L’expertise diligentée par la MACIF (8 avril 2022) retient quant à elle l’existence d’une fuite très importante au niveau de la colonne [Localité 9] de l’immeuble , ayant généré des remontées par capillarité au niveau de certains murs de l’appartement et des dommages au niveau du parquet massif de la cuisine.
Il en résulte que le syndicat des copropriétaires, au visa de l’article 14 de la loi du 10 juillet 1965, est tenu d’indemniser les époux [S] des préjudices qu’ils ont subis du fait des désordres de leur appartement ayant pour origine les parties communes .
II : Sur l’indemnisation des préjudices des époux [S]
1) Sur la réparation des désordres causés par le sinistre
Outre le rapport de recherche de fuite et le rapport d’expertise de la MACIF, les photographies et constat d’huissier (8 avril 2022) versés aux débats confirment l’importance des désordres causés par la fuite de la colonne [Localité 9] dans l’appartement des époux [S] .
Les époux [S], sur la base de factures établies par l’entreprise [E], sollicitent les sommes de :
-352 € TTC pour le pompage des eaux usées dans la cuisine, nettoyage et évacuation
-4 917,66 € TTC pour la réfection du parquet (dépose, chape béton et carrelage) et la réfection des murs détériorés,
soit un total de 5 270,66 € TTC
Force est de constater que ces travaux correspondent à ceux qui ont été jugés commes nécessaires dans le rapport d’expertise de la MACIF.
Le syndicat des copropriétaires n’est pas fondé à contester ces factures et évaluations aux motifs qu’elles émanent de l’entreprise appartenant à Monsieur [S] alors que les montants sollicités, émanent non de devis mais de factures régulières, sont similaires à ceux retenus par l’expert Macif dans son rapport et qu’ils apparaissent tout à fait raisonnables au regard de la nature des travaux à entreprendre.
Il n’est pas plus fondé à contester la réalité des travaux, dont la réalité, outre les factures, est attestée par la photographie de l’appartement rénové, versé aux débats (pièce 16 demandeurs).
En conséquence, le syndicat des copropriétaires sera condamné à verser aux époux [S] la somme de 5 270,66 € TTC au titre de la réparation des conséquences matérielles du sinistre.
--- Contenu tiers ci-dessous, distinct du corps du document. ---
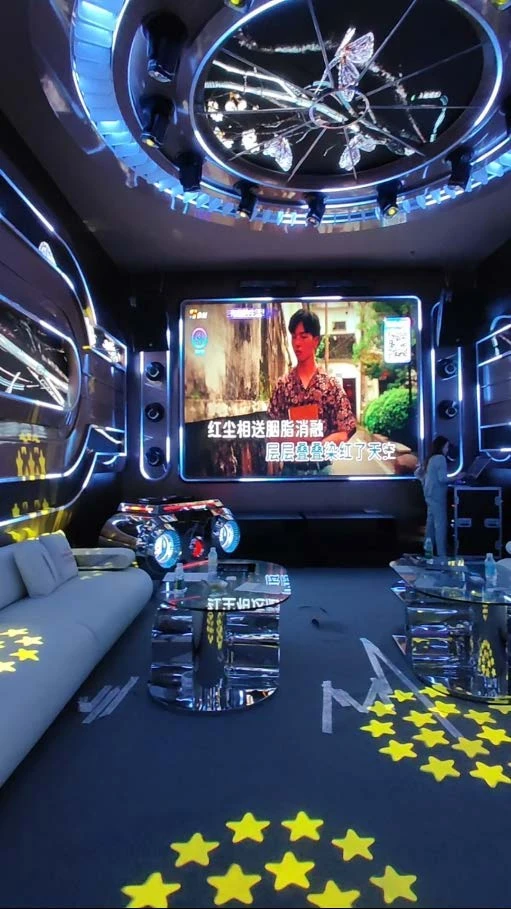 Futuristic KTV design reference: Reflective Capsule, with layered decorative lighting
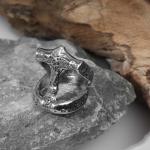 Кольцо "Тор", цвет чернёное серебро, 22 размер
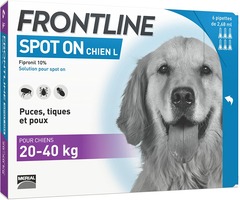 Frontline spot-on chien antiparasitaire pour chien 6 pipettes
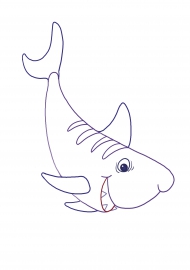 Раскраска Хитрая акула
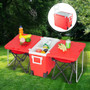 Cooler With Wheels | Camping Cooler - Red
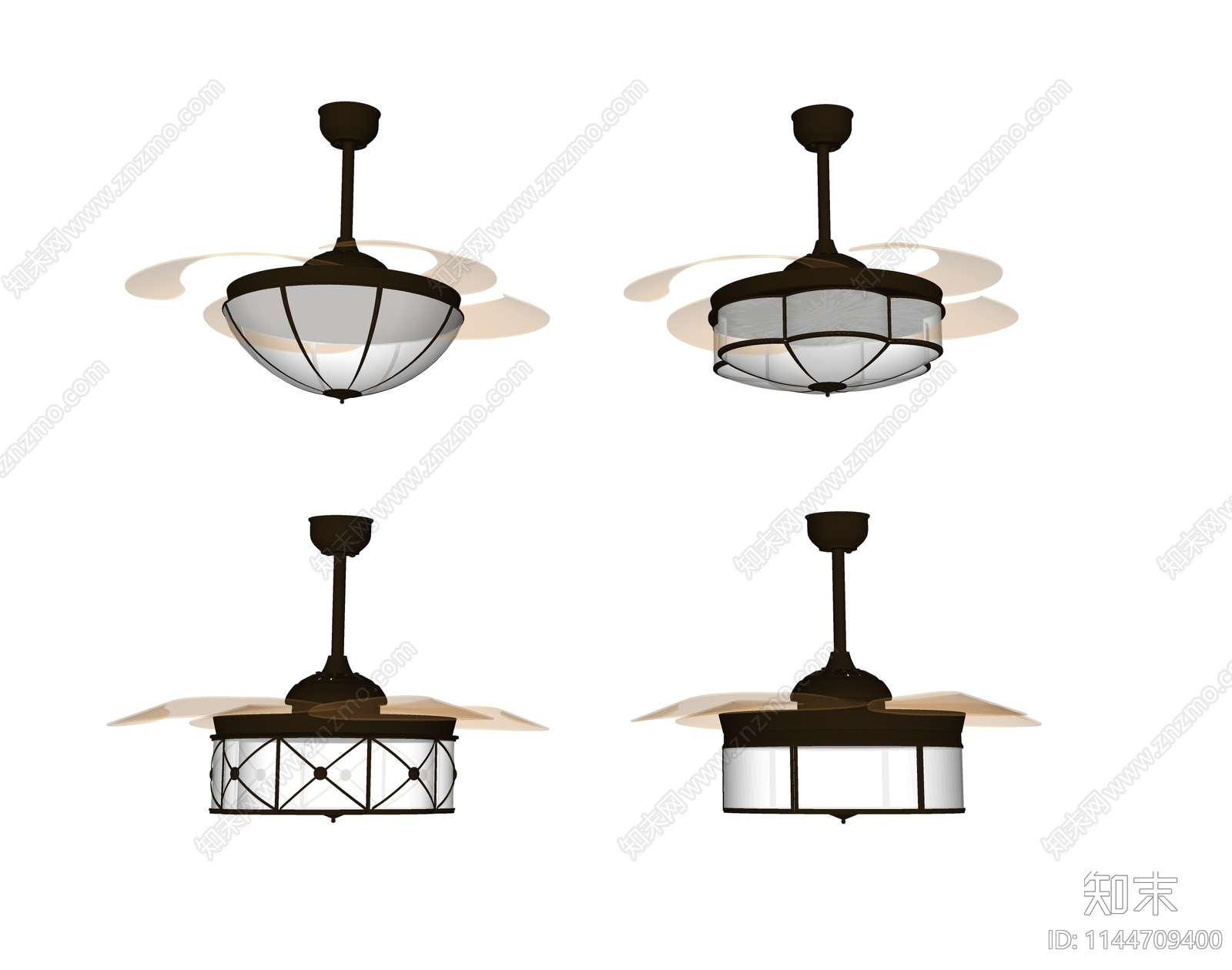 现代风扇灯SU模型下载【ID:1144709400】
2) Sur le préjudice de jouissance
Les époux [S] sollicitent la somme de 12 600 € au titre de leur préjudice de jouissance, aux motifs qu’ils ont été privé de la jouissance de leur appartement pendant 21 mois, soit depuis la date du sinistre, en janvier 2021, jusqu’en septembre 2022, date de la réalisation effective des travaux , sur la base d’un loyer mensuel de 600 € .
Le syndicat des copropriétaires conteste en premier lieu le montant du loyer retenu par les époux [S] , le jugeant excessif .
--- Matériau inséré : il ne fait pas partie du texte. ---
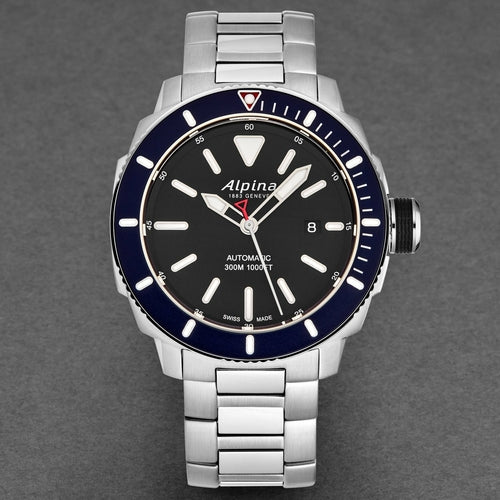 Alpina Men's  Seastrong Diver Black Dial Stainless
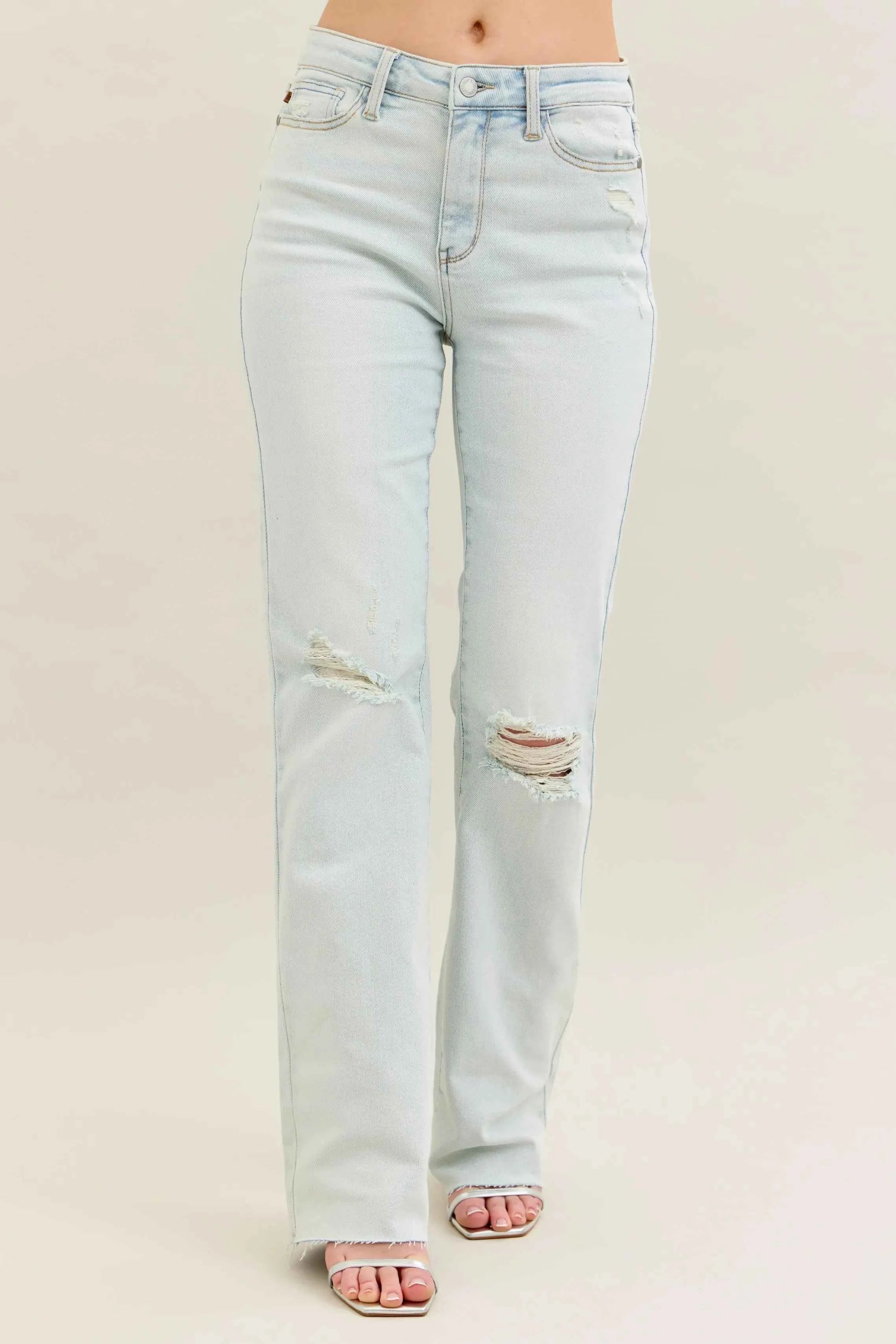 Judy Blue Full Size Destroy & Fray Hem Bootcut Jeans Plus Size Light bc0f574e-f11f-4513-92b4-015de7a93058-Max-Origin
Les époux [S] justifient que l’appartement est désormais loué pour une somme de 600 € mais il s’agit d’un montant comprenant les charges (80 €), le loyer s’élevant en réalité à 520 € , montant qu’il convient de retenir .
Le syndicat des copropriétaires oppose en second lieu que le retard dans les travaux et la réparation est en partie imputable aux époux [S] , qui n’ont pas payé les charges.
Pour autant, les pièces produites établissent que le nouveau syndic a envoyé les courriers qui étaient destinés aux époux [S] (convocation AG, appels de charges) non à leur adresse personnelle mais à l’adresse du bien qui ne constituait pas leur domicile , alors que l’adresse des époux [S] avaient été communiquée dès le mois de mars 2021, les charges ayant été payées dès que cette erreur a été corrigée .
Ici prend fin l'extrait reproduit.